One of Islam’s most revered holy sites – the tomb of the Prophet Mohamed – could be destroyed and his body removed to an anonymous grave under plans which threaten to spark discord across the Muslim world.

The controversial proposals are part of a consultation document by a leading Saudi academic which has been circulated among the supervisors of al-Masjid al-Nabawi mosque in Medina, where the remains of the Prophet are housed under the Green Dome, visited by millions of pilgrims and venerated as Islam’s second-holiest site. The formal custodian of the mosque is Saudi Arabia’s ageing monarch King Abdullah.

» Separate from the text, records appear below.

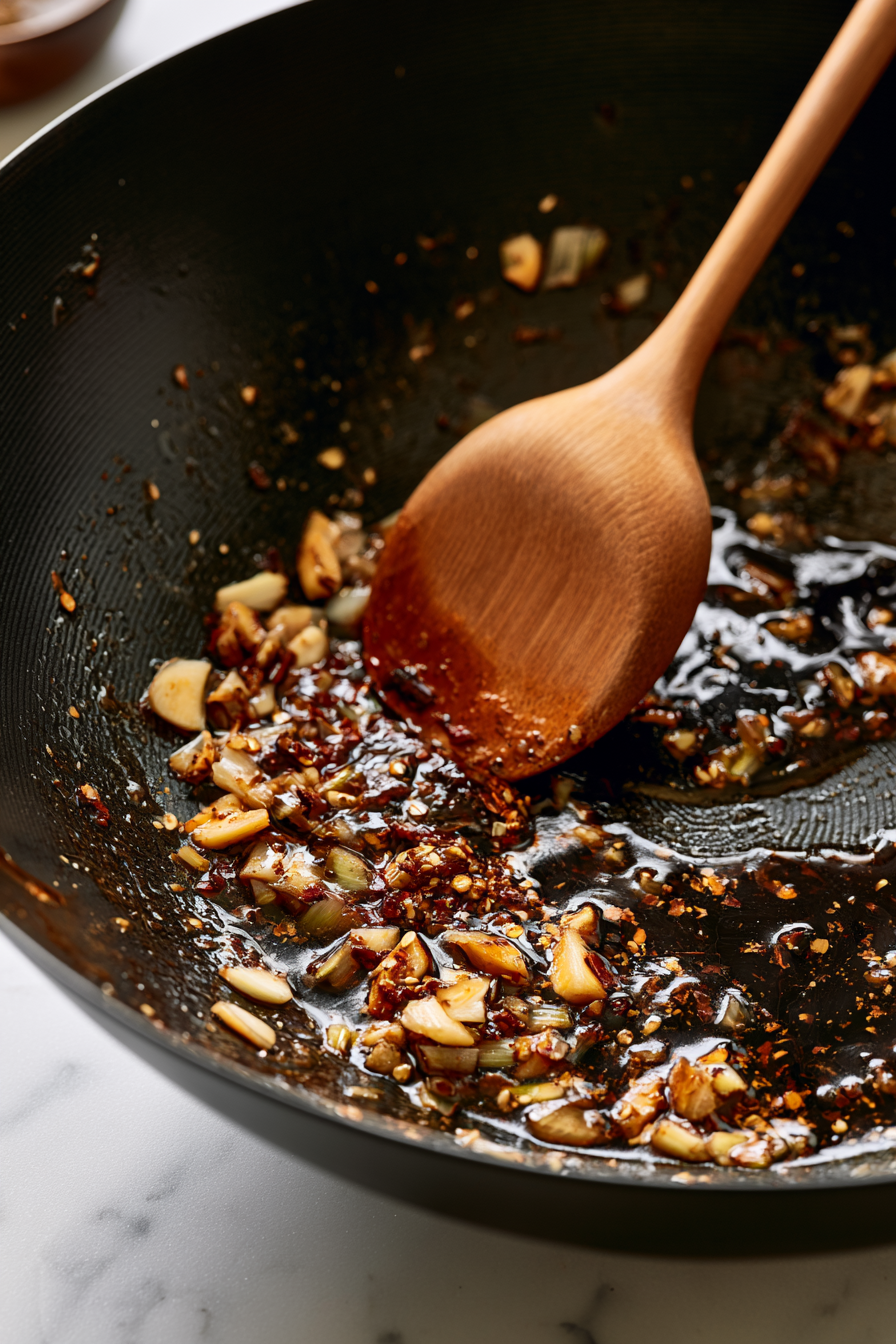 Stir in the soy sauce, dark soy sauce, rice vinegar, maple syrup, vegan oyster sauce, chili garlic sauce, black pepper, and red pepper flakes if using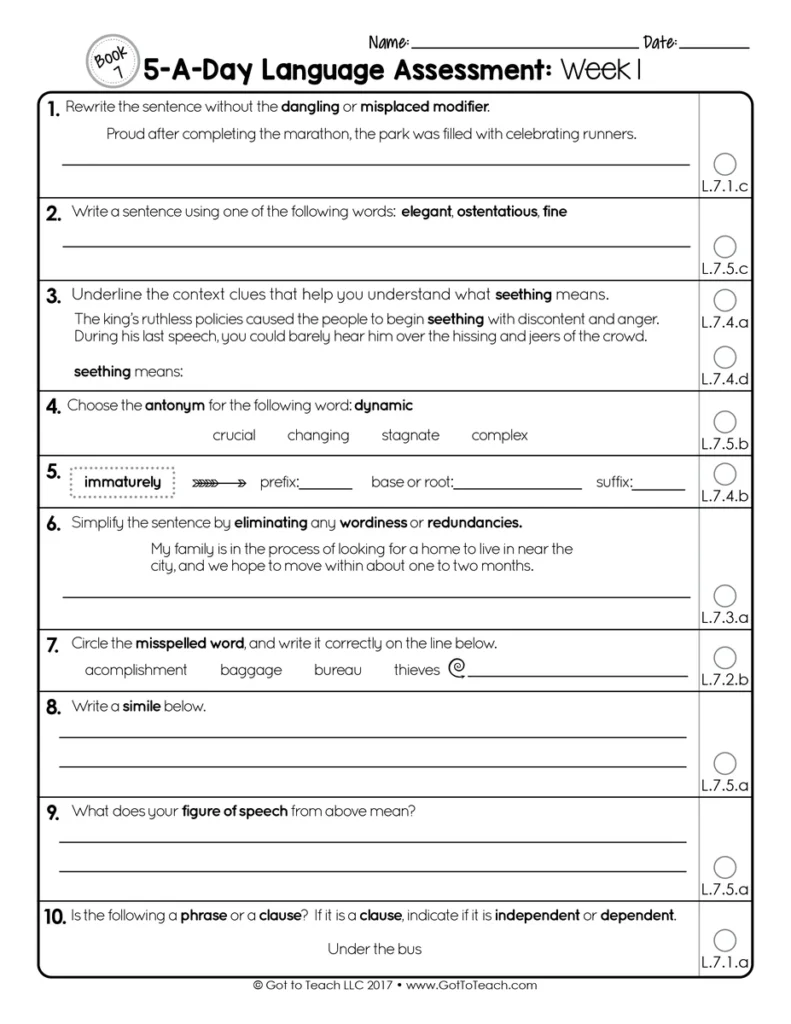 7th Grade Weekly Language Assessments Grammar Quizzes Editable Test Prep — Image 2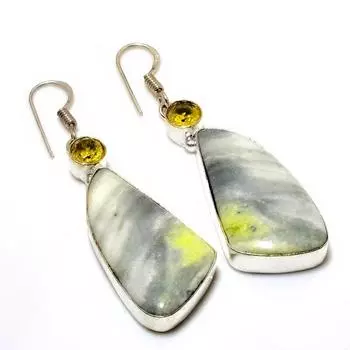 Ювелирные серьги из швейцарского зеленого опала с цитрином 925 пробы, посеребренные, 2,27 дюйма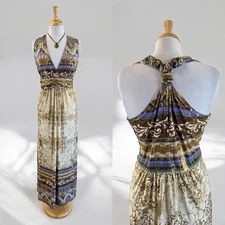 Gold Purple Paisley Long Maxi Sundress Boho Summer Y2K Beach Festival Glam Large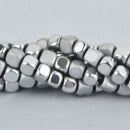 4mm Hematite Cube Beads, SILVER Gemstone full strand Gem0249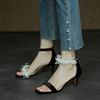 Handmade~ Super beautiful self-retention~ Pearl sandals fairy style sexy thin heel one-word buckle high heels female summer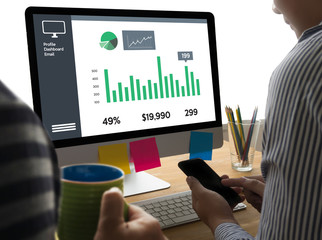 Business Man Sales Increase Revenue Shares and Customer Marketin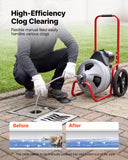 Darrahopens Appliances > Kitchen Appliances > Food Mixers & Blenders VEVOR Drain Cleaner Machine 22m x 9.5mm, Sewer Snake Auger Manual Feed on Wheels, Portable Drain Cleaning Machine with 6 Cutters & Air-activated Foot Switch for 50mm to 100mm Pipes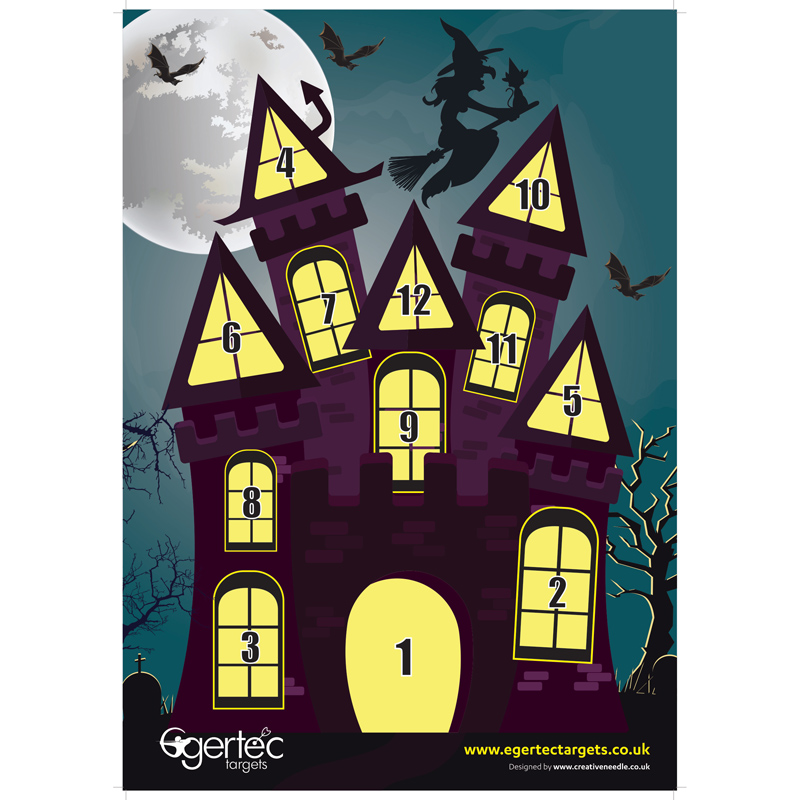 Egertec Halloween target face Haunted House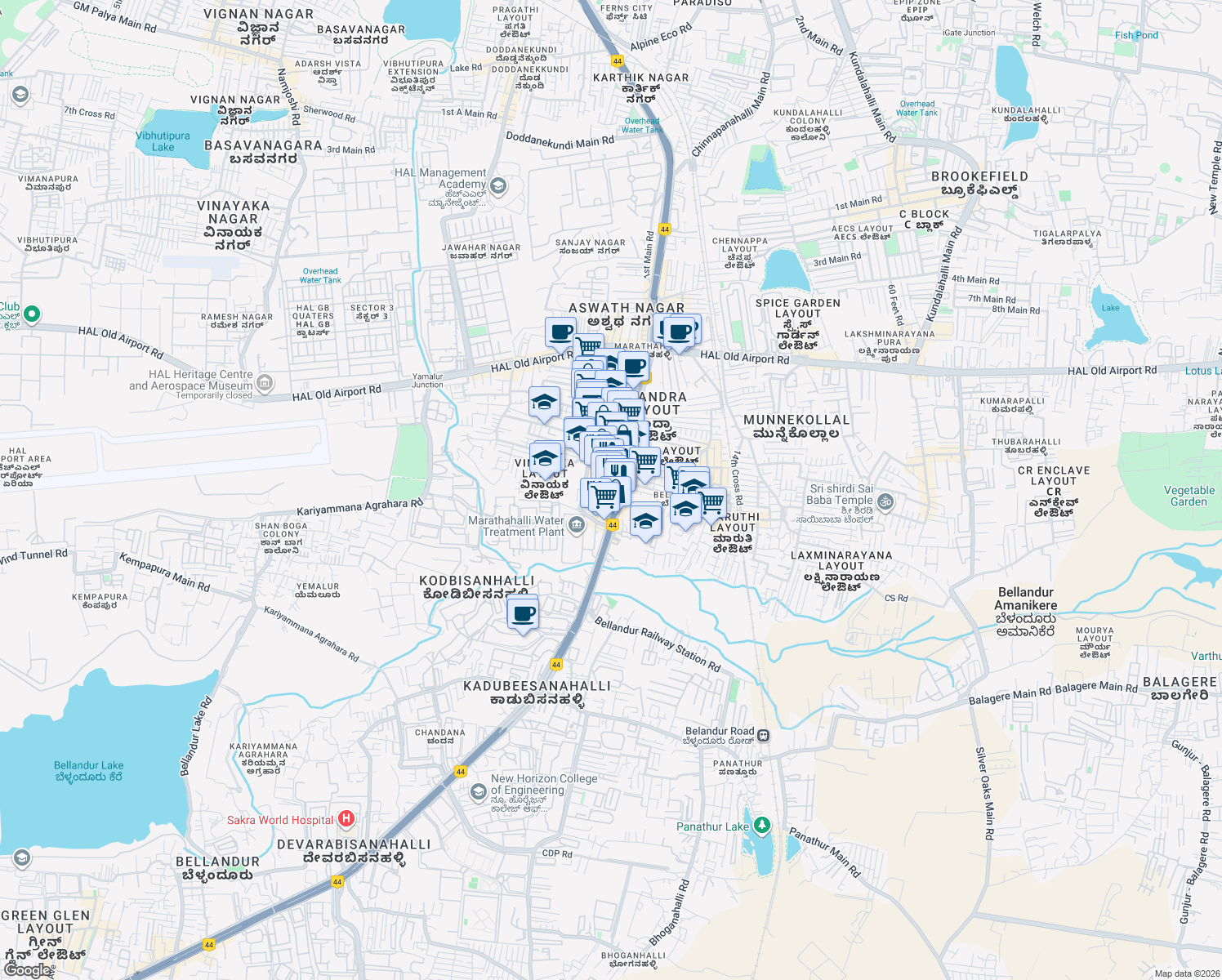 map of restaurants, bars, coffee shops, grocery stores, and more near 90/4 Outer Ring Road in Bengaluru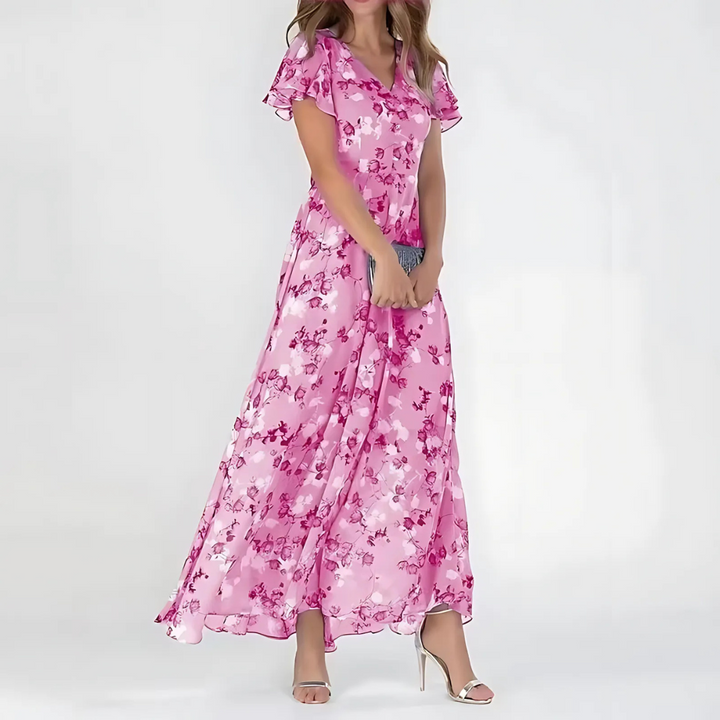 Zoila | Elegant Floral Midi Dress for Women with Short Sleeves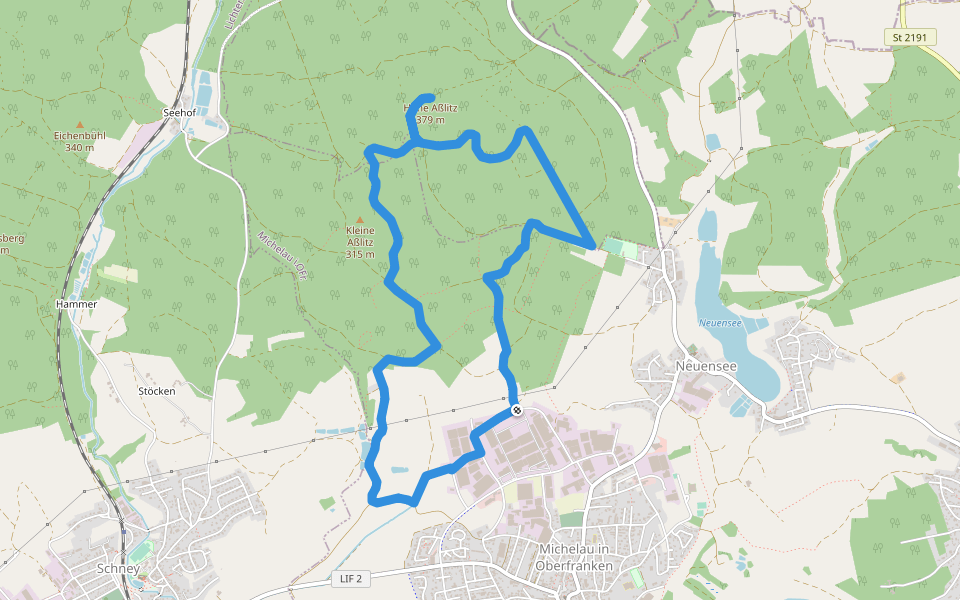 Aßlitzweg (Michelau) walking route map in Michelau in Oberfranken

The plans, brought to light by another Saudi academic who has exposed and criticised the destruction of holy places and artefacts in Mecca – the holiest site in the Muslim world – call for the destruction of chambers around the Prophet’s grave which are particularly venerated by Shia Muslims.

The 61-page document also calls for the removal of Mohamed’s remains to the nearby al-Baqi cemetery, where they would be interred anonymously.

There is no suggestion that any decision has been taken to act upon the plans. The Saudi government has in the past insisted that it treats any changes to Islam’s holiest sites with “the utmost seriousness”.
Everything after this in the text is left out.